START Information supplied

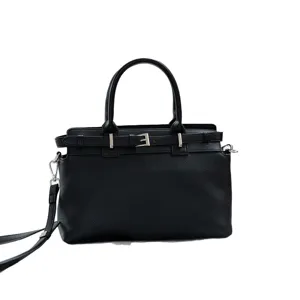 Black leather Kelly tote bag for women, stylish top handle handbag with crossbody strap.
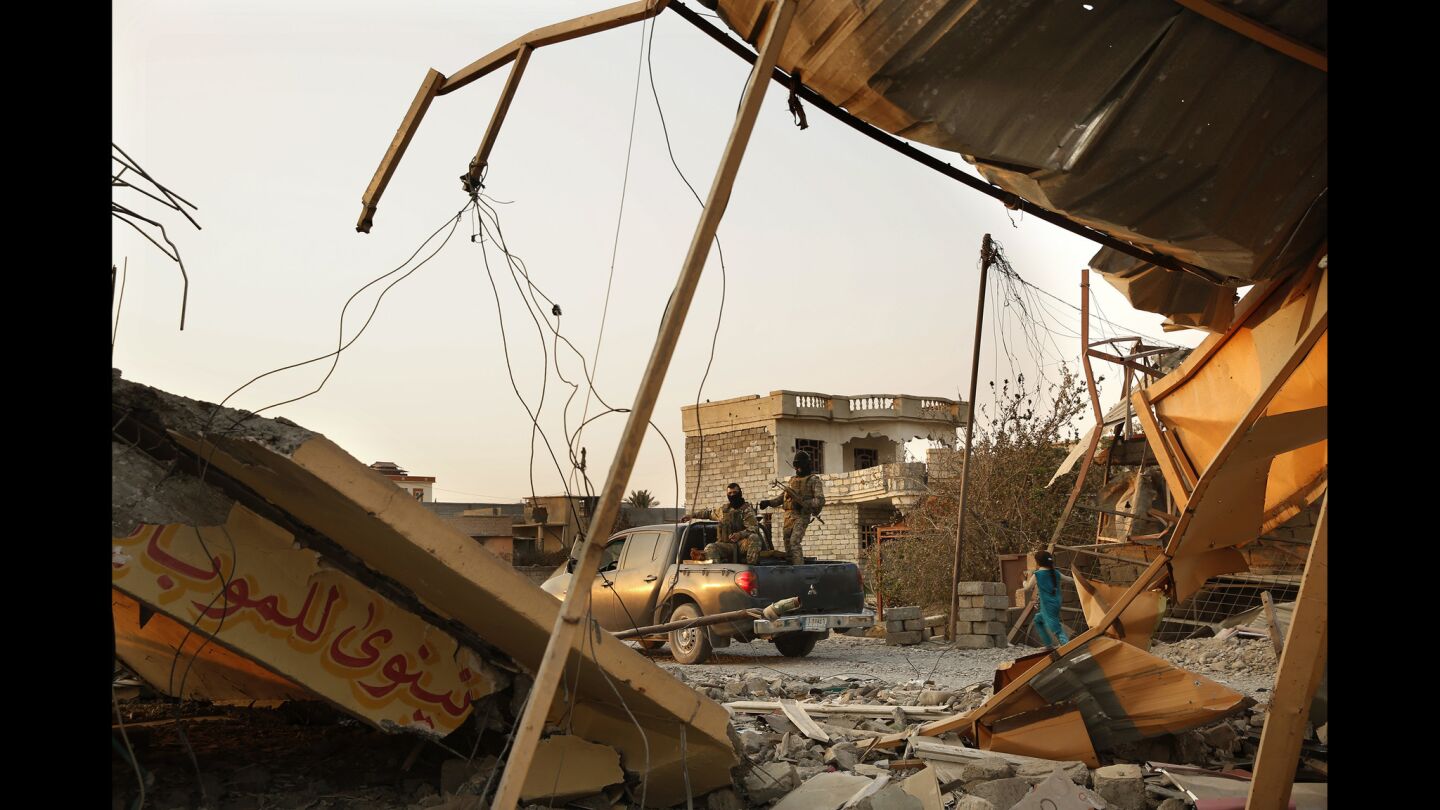 Soldiers drive through the town of Qayyarah, heavily damaged in the fighting in August and again this month as Islamic State was driven out of town.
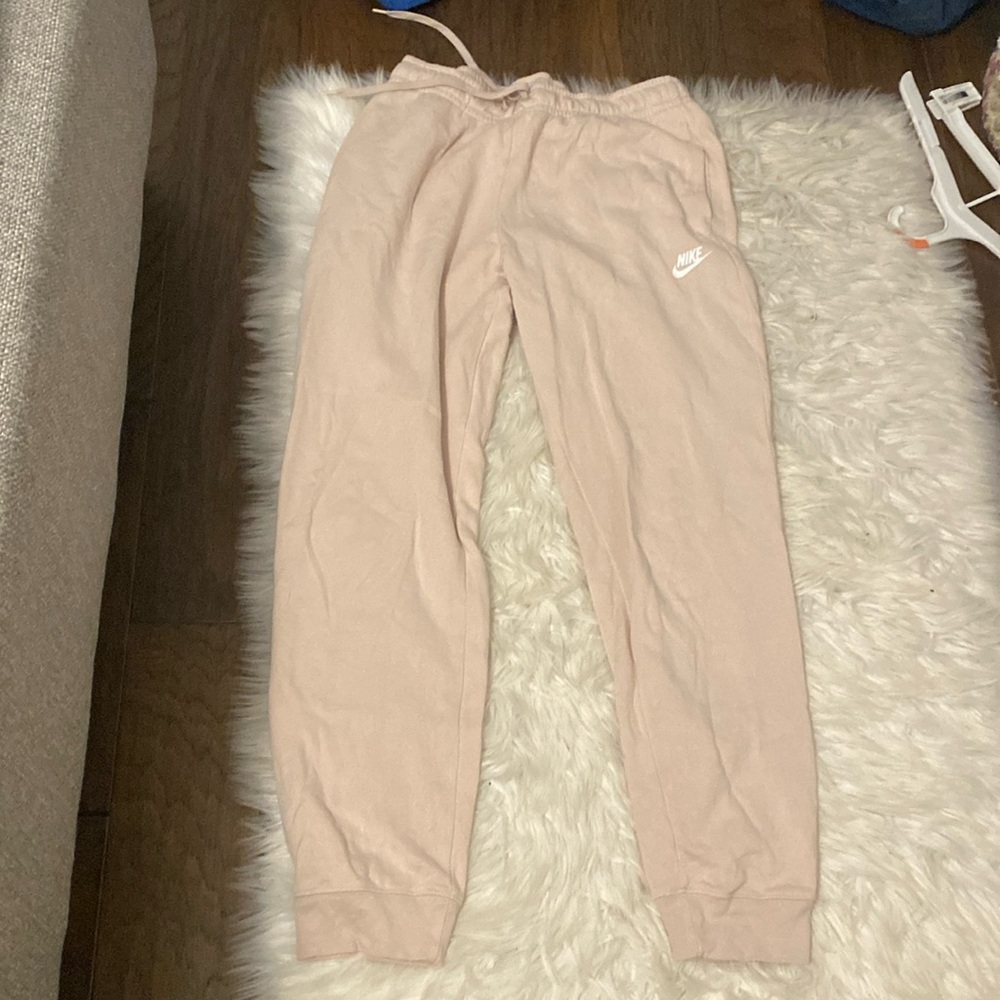 Cream colored Nike sweatpants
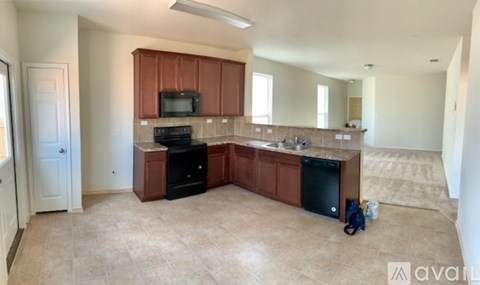 A kitchen with brown cabinets and black appliances.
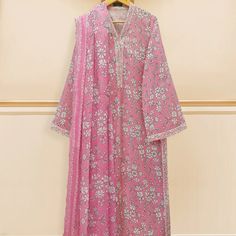 Pink Color Cotton Material New Elegant V-neck Floral Print Kurta, Cotton Party Dresses For Eid, V-neck Floral Print Dress For Eid, Elegant Cotton Dresses For Eid, Feminine Floral Print Festive Dresses, Elegant Pink Lawn Suit With Long Sleeves, Feminine Dresses For Eid, Festive Feminine Floral Print Dresses, Feminine Pink Festive Dress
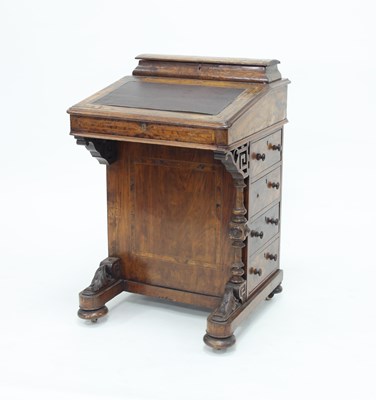 Lot 956 - A Victorian walnut Davenport desk, the top...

END Information supplied

*Work to complete:* Here the job is to print the data above exactly, except for any pictures.

*Solution to the exercise:*
 Black leather Kelly tote bag for women, stylish top handle handbag with crossbody strap.
 Soldiers drive through the town of Qayyarah, heavily damaged in the fighting in August and again this month as Islamic State was driven out of town.
 Cream colored Nike sweatpants
 A kitchen with brown cabinets and black appliances.
 Pink Color Cotton Material New Elegant V-neck Floral Print Kurta, Cotton Party Dresses For Eid, V-neck Floral Print Dress For Eid, Elegant Cotton Dresses For Eid, Feminine Floral Print Festive Dresses, Elegant Pink Lawn Suit With Long Sleeves, Feminine Dresses For Eid, Festive Feminine Floral Print Dresses, Feminine Pink Festive Dress
 Lot 956 - A Victorian walnut Davenport desk, the top...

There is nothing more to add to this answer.